» TASK DIRECTIONS:
Could you restate word for word only the lines below from the one holding "Radlader KOMATSU - WA270-7" to the one holding "Collistar 114 puro", inclusive, and leave out the pictures?

- Opening Delimiter -

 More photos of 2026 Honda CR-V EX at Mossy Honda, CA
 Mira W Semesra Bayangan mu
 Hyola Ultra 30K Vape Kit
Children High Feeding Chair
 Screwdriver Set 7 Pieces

- Closing Delimiter -
- Opening Delimiter -

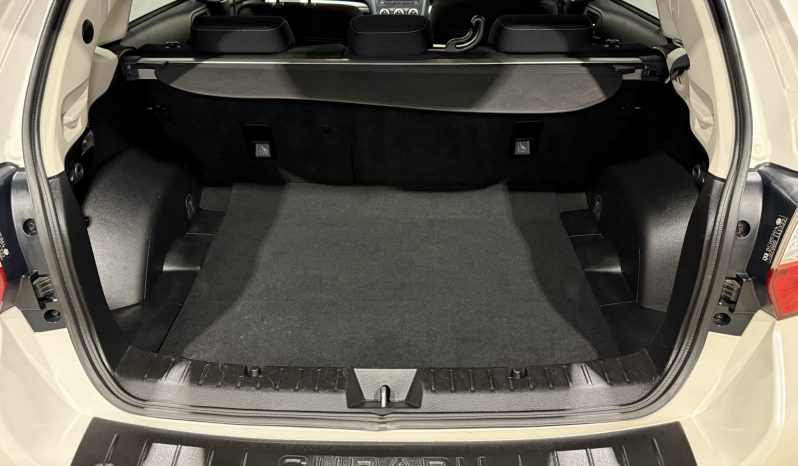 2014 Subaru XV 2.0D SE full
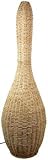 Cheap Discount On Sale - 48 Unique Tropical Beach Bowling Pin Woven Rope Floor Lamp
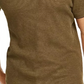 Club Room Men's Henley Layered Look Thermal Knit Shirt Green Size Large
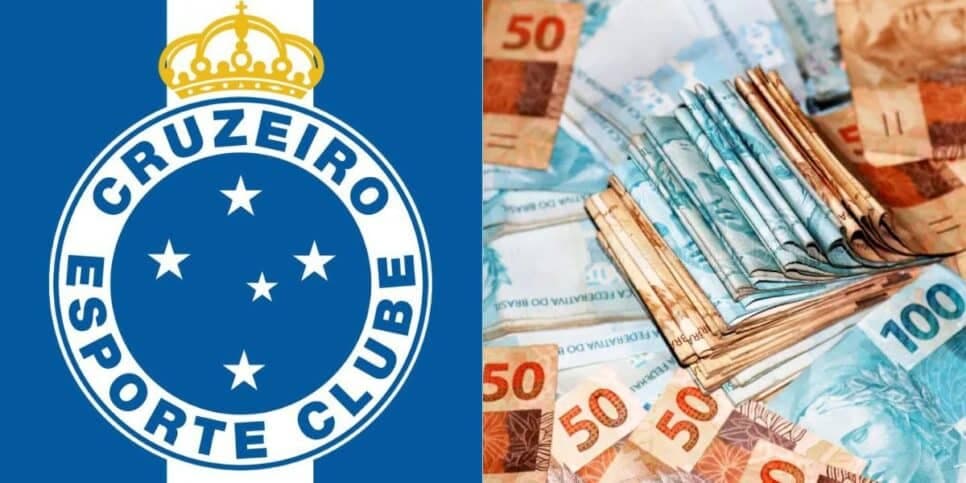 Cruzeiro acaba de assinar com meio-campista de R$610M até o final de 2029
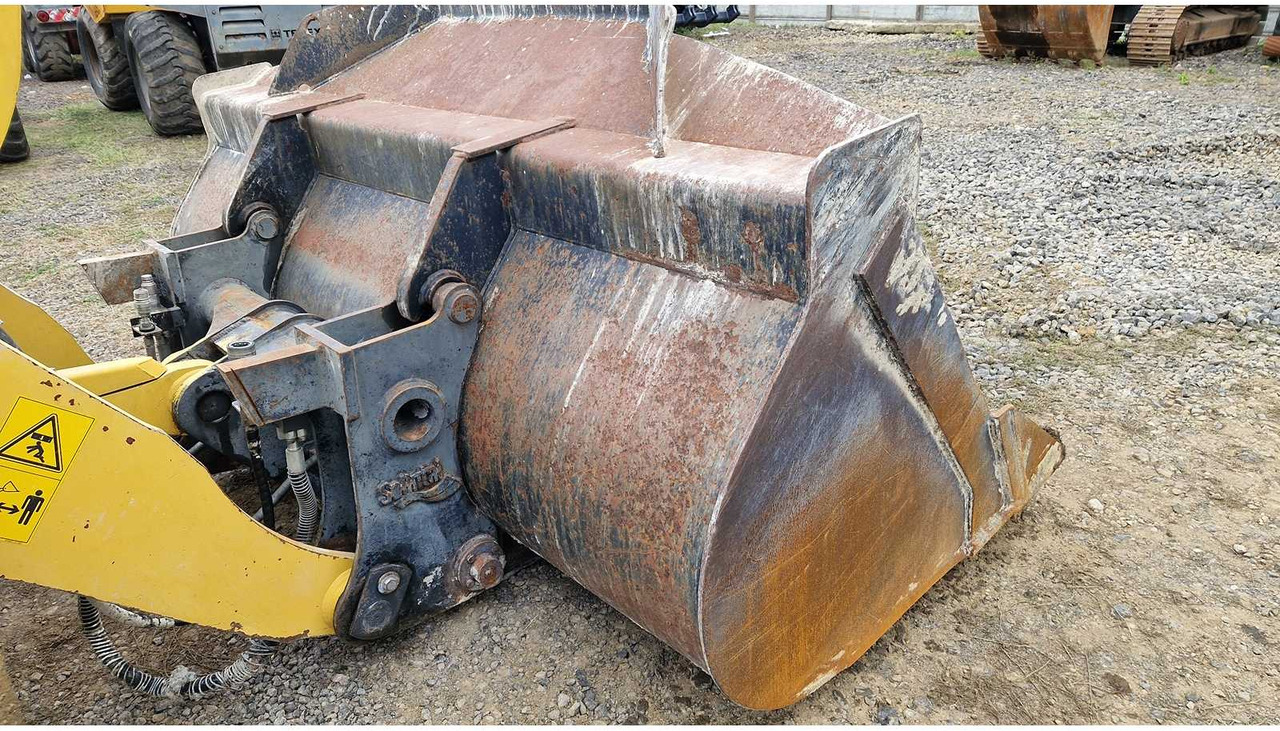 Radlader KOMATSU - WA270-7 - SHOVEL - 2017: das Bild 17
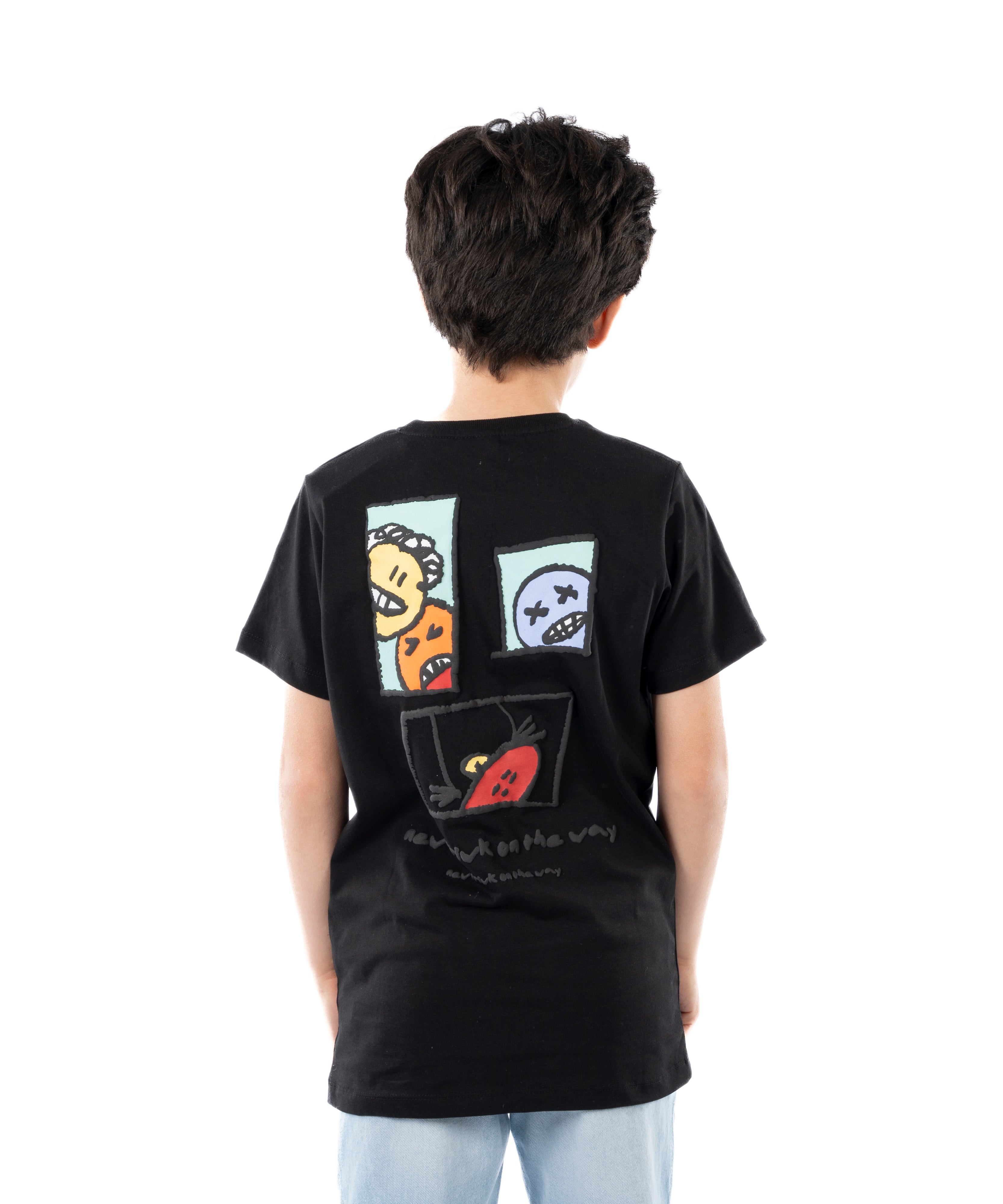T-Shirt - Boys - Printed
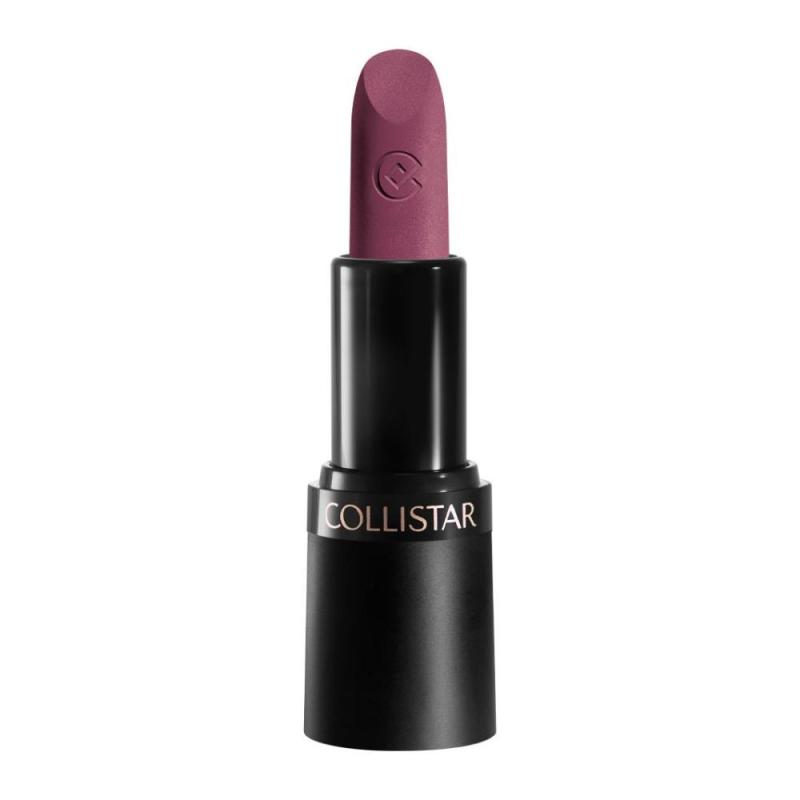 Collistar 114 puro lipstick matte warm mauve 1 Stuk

- Closing Delimiter -

» WRITTEN SOLUTION:
 Radlader KOMATSU - WA270-7 - SHOVEL - 2017: das Bild 17
T-Shirt - Boys - Printed
 Collistar 114 puro lipstick matte warm mauve 1 Stuk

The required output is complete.